Saturday, October 27, 2007

On teaching world religions

The perfectionist and idealist in me will not permit me to simply teach a class in which the units are simply divided among the different great religious traditions of the world. In my opinion, strongly held, such an approach can only do damage to the ideological presuppositions of a high school teenager.

And besides, it would be bad pedagogy.

One thing that I am learning through experience is that teachers are not meant merely, or even primarily, to pass along information to their students. It is not data, but skills that are the most important product of a school. While the skill set involved in a "sacraments" class is limited, especially in a pluralistic environment (my class could legitimately be renamed "sacraments appreciation"), the skill set involved in a world-religions course is more robust. Frankly, there are those in society that can speak intelligently about religion, and those who cannot. The difference hinges on one's factual knowledge, but that is not the only thing. There are at least two others:
  • a willingness and ability to enter into the experience, cares, and hopes of a community belonging to another religious tradition, as well one's own (or the tradition of one's family).
  • a grounding of the knowledge of world religions in a critical and philosophical understanding of religion and truth, which excludes prima facie neither the relevance of any particular tradition, nor the legitimacy of radical fidelity to a single tradition.
The second point perhaps needs clarification. In brief, it might be summarized as the stressing of a relatively recent philosophical discovery: that secularism (in the form of agnosticism, materialism, pluralism, or any other non-practice or non-belief) is not inherently more "objective" in its view of the world's religions than any other religious tradition.

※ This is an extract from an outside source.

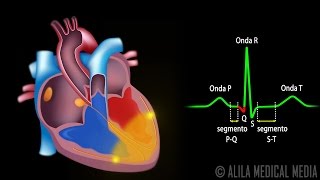 El Sistema de Conducción Cardíaca y la Relación con ECG Animación Alila Medical Media Español [upl. by Alarice]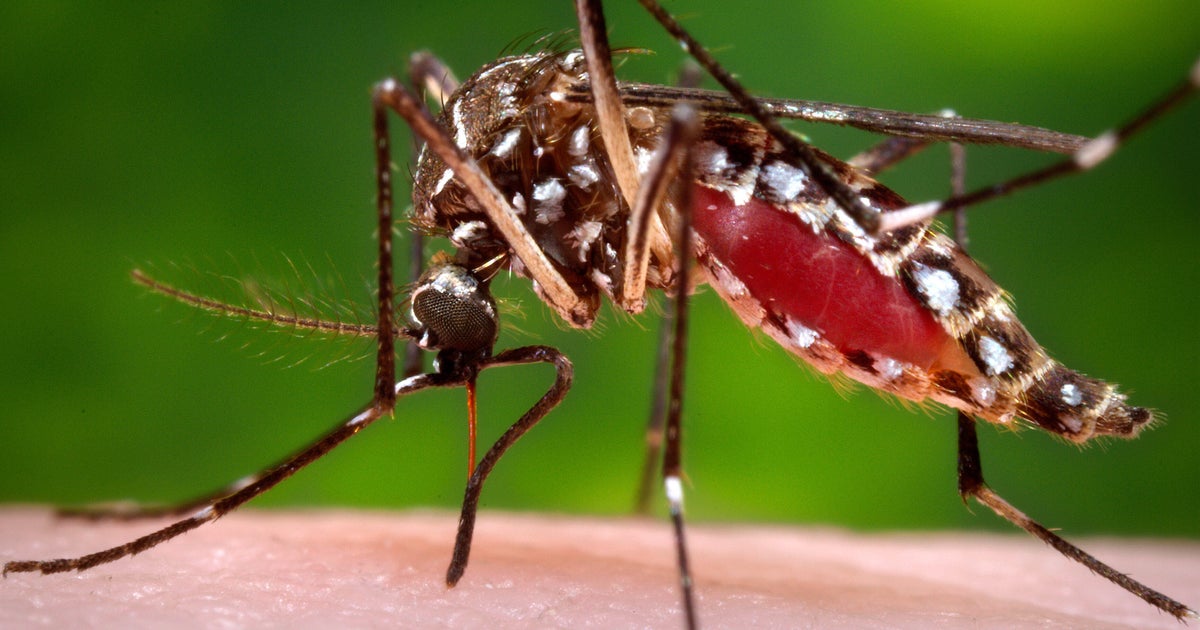 Elderly Tampa woman dies amid Florida's second-worst dengue outbreak on record, health officials say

Secularism does not correspond to the absence of bias and irrational belief that popular culture has assigned to it. It is not a "safe haven" from superstition, from unproven and unprovable doctrines, or error, any more than religious belief. Like a religion, western secularism has a foundation of doctrines which are not based on the scientific method; however, unlike religion, secularism is based on the prejudice in favor of constricting all knowledge to the scientific method.

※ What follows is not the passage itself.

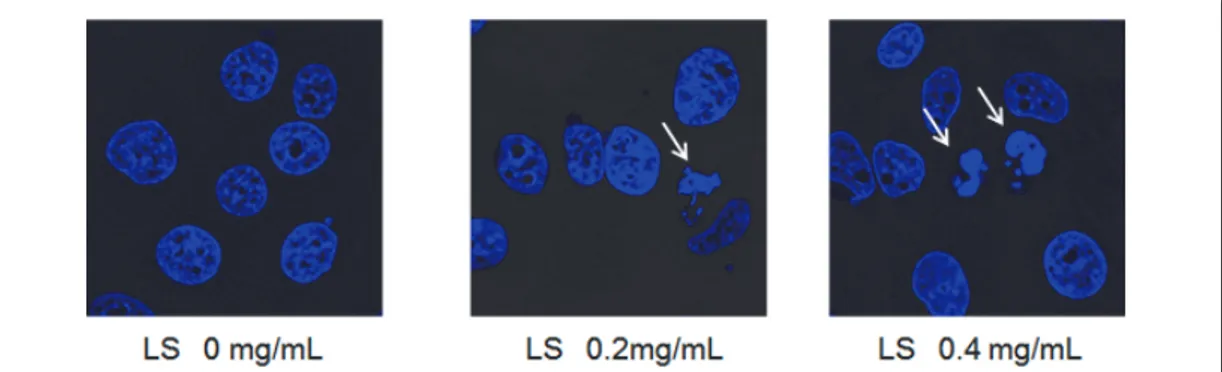 Fig.  2.  An  apoptotic  body  (arrow)  in  MCF-7  breast  cancer  cells  after  treatment  with  LS  extract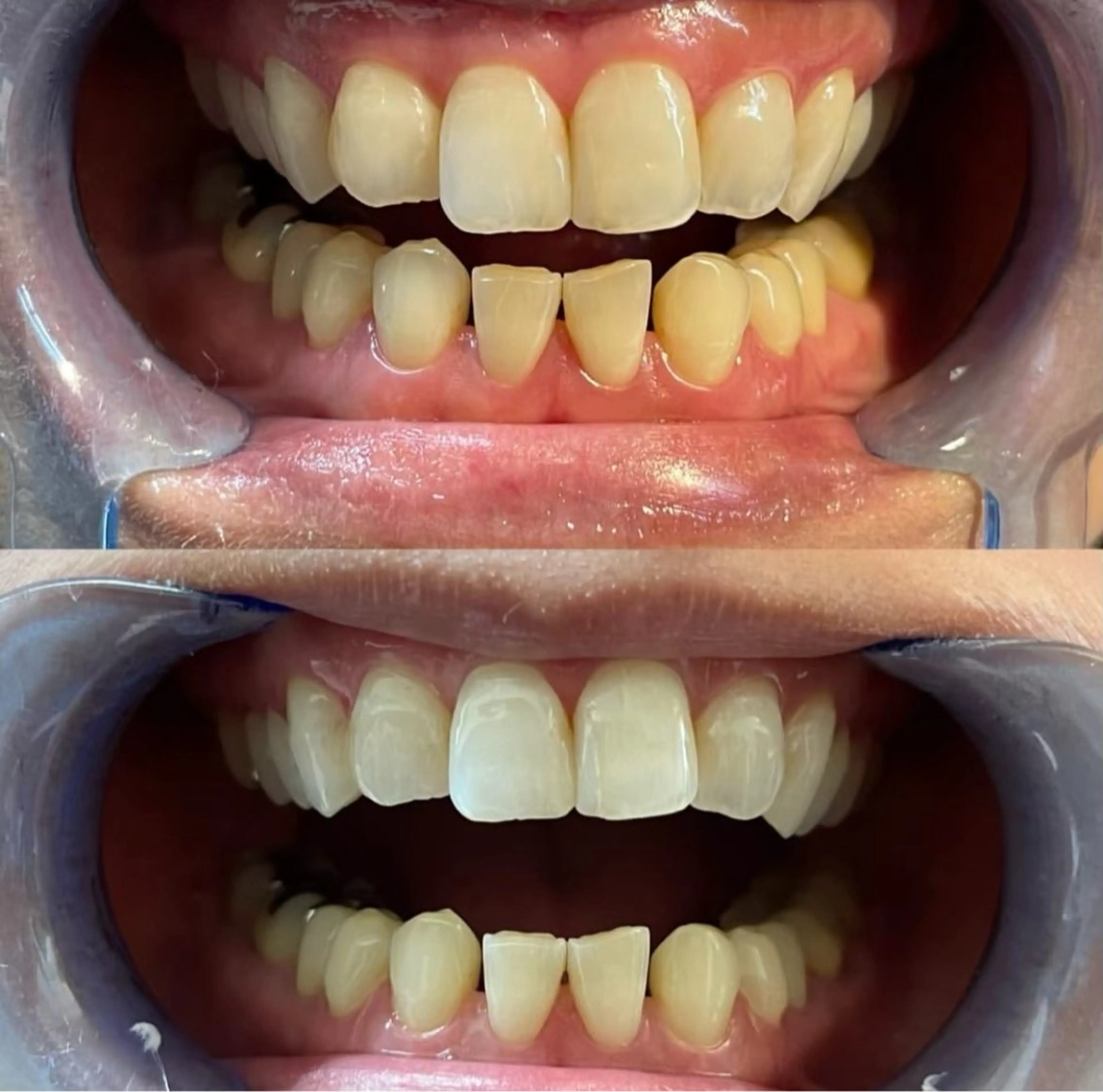 セルフホワイトニング　初回15分✕1照射の写真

Whether one is biased or not, intolerant or not, fair or not, ignorant or not, has less to do with whether one is religious, or with what tradition they cling to, than it does with how well they have developed the skill set of investigation, exploration, and understanding of religions--not to mention the virtues of patience, empathy, openness, and faith.

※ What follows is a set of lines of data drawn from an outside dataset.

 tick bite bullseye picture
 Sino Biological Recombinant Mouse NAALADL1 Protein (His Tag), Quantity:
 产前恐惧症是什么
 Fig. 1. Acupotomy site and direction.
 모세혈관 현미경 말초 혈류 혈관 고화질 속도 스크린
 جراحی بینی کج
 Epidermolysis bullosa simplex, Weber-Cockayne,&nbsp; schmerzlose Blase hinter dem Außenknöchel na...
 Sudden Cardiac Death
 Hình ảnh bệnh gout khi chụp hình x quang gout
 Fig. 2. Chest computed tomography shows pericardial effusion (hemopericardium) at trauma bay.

To be sure, not all traditions, including western secularism, lend themselves equally well to the task of learning about world religions. Coincidentally, both secularism and Christianity lobby the same critique at each other with respect to this task: neither can ultimately enter into the pluralistic arena with the serious intention of accepting another tradition as being true (at least in a way that would leave their own founding dogmas to be false). Both of these ideological starting points, as well as all others universally, begin by assessing the world's traditions in terms of how closely they represent values akin to one's own. Thus secularism will show appreciation for Buddhism's inherent synchretism, tolerance, and pantheism; while Christianity will appreciate Buddhism's monastic tradition, its relativization of worldly goods, and its ancient philosophical pedigree; but both will find something to disagree with.